That surprises me indeed. I spoke with Nick on the phone and he seemed to be very concerned about the situation. Please keep us informed as to what transpires today.


----------



## smokinkane (Dec 1, 2008)

Sonnie, I will, I just hope for future customers that the phone issues get resolved its disappointing that I had to call so many times to get someone on the line. I'm sure Nick will get in contact with me, and I will let everybody know. Thanks again!


----------



## smokinkane (Dec 1, 2008)

I emailed Nick per the address Sonnie gave me, and Nick still hasn't read the email (read receipts enabled), so I don't know what to think.


----------



## Sonnie (Apr 11, 2006)

Yep... he told me the only hold up was you emailing him with your sales order number. 
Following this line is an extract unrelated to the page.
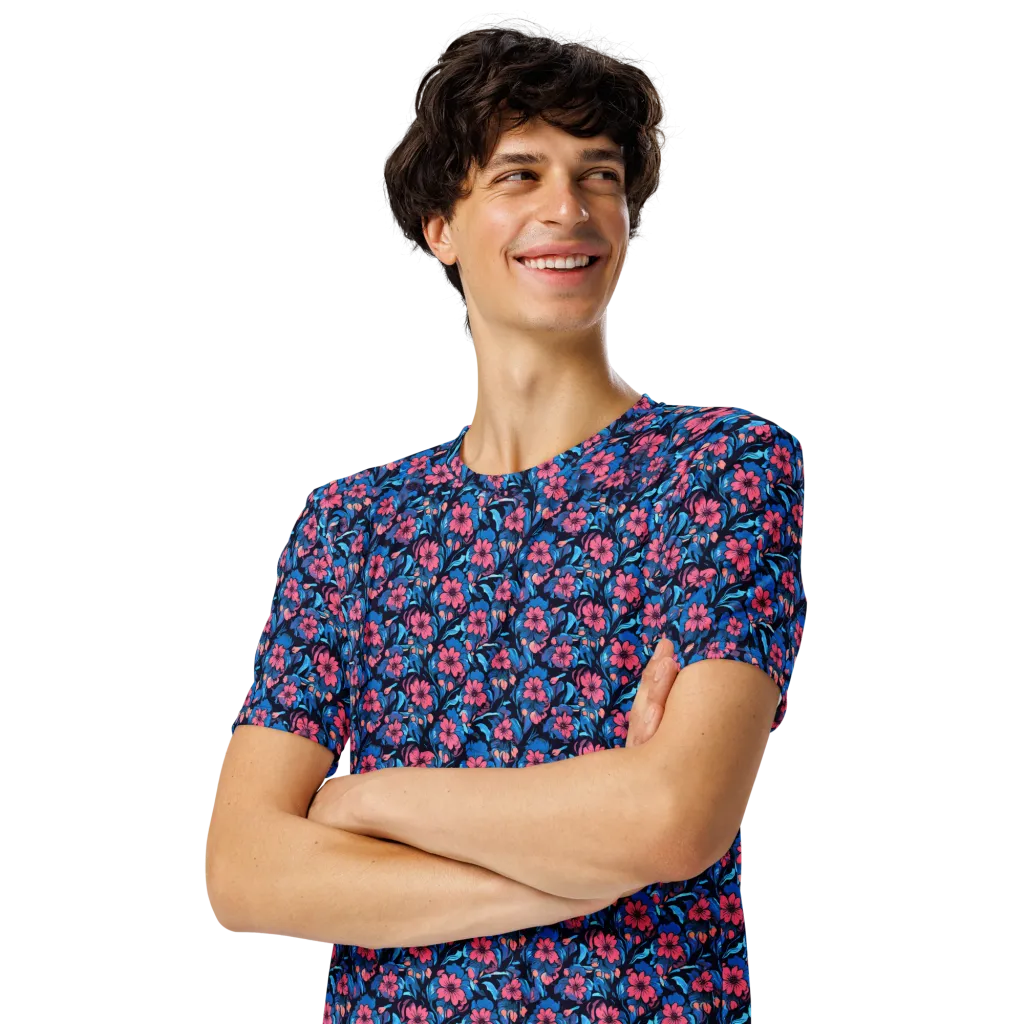 Neon Nightgarden on Men's Crew Neck T-Shirt — Left Front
Hopefully he just got hung up... had to step out... or something similar and has not been able to check his email yet.


----------



## smokinkane (Dec 1, 2008)

I resent the email from yesterday just in case a spam filter got it or something


----------



## smokinkane (Dec 1, 2008)

STill nothing, I'm starting to believe Nick isn't going to answer me


----------



## neptuneEQ (Dec 22, 2008)

I agree that customer service IS defined as taking care of the customer. Saying "it's too late" because someone is several days past the official return time is NOT good customer service.

I had a very bad experience with ticketmaster where I didn't get my tickets on time, lost our place in line (even though we were the third people there) to get them at "will call", and when I asked for my "convenience fee" to be refunded, was told by them "sorry, our policy is no refunds EVER". I felt it should have been refunded because it was hardly "convenient". Finally, after writing to their corporate office _and_ my credit card company, I got an apology, and my convenience fee refunded *twice*!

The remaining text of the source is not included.